Si Hillary Clinton l’emporte, c’est la « nouvelle gauche » qui, en dépit de Occupy Wall Street l’aura emporté. Candidate du “système” malgré elle, l’ex-première dame mènera une politique orthodoxe, que ce soit en politique intérieure – en octroyant de nouveaux droits aux individus - ou en politique étrangère comme son passage au Département d’Etat l’a démontré. Mais comme avec Donald Trump, la surprise est possible. En tant que première femme présidente des Etats-Unis, elle peut, à l’instar d’une Angela Merkel, incarner une façon différente de faire de la politique. Son obstination légendaire peut lui permettre de peser davantage que ne le fait Obama sur certains sujets brûlants. Son inimitié connue avec Vladimir Poutine peut donner, paradoxalement, des résultats prometteurs, car obligeant les deux leaders à trouver des terrains d’entente.
L’élection présidentielle de 2016 annonce une nouvelle page de l’histoire politique des Etats-Unis et la fin d’une certaine exception. L’enjeu de cette campagne sera de déterminer quelle sera la nature de ces changements et quelles seront les conséquences de la victoire d’un camp ou d’un autre.
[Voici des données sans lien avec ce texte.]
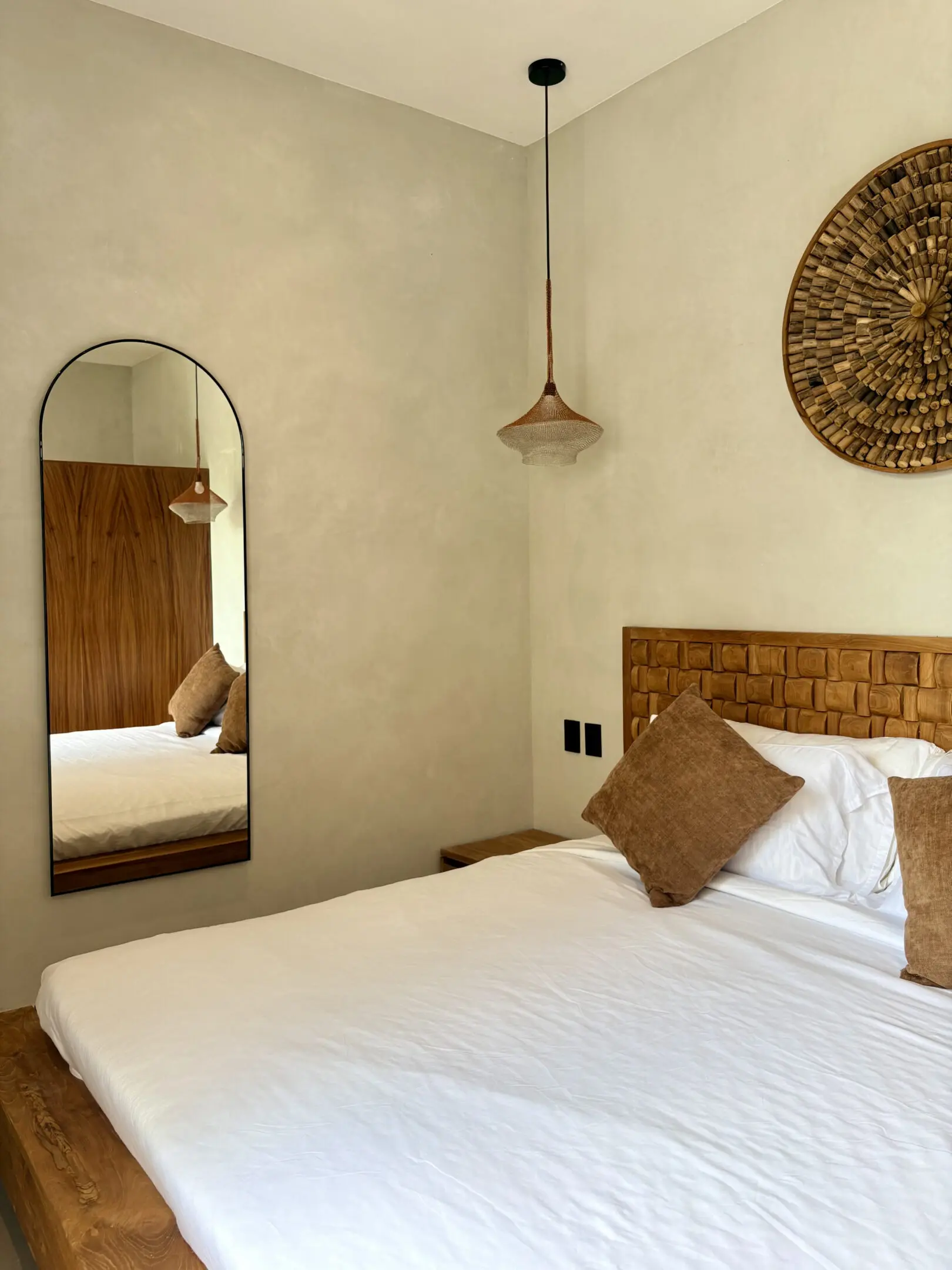 Minimal bedroom with white bedding and mirror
Dans tous les cas, l’Amérique n’aura jamais autant ressemblé à l’Europe. ■
* Olivier Piton est avocat en droit public français, européen et américain. Il a collaboré auprès de trois ambassadeurs de France aux Etats-Unis sur les affaires publiques et les relations gouvernementales. Il a créé et dirigé la cellule de stratégie d’influence de l’ambassade de France à Washington DC de 2005 à 2010. Depuis 2014, il est le président de la Commission des Lois à l’Assemblée des Français de l’étranger (AFE).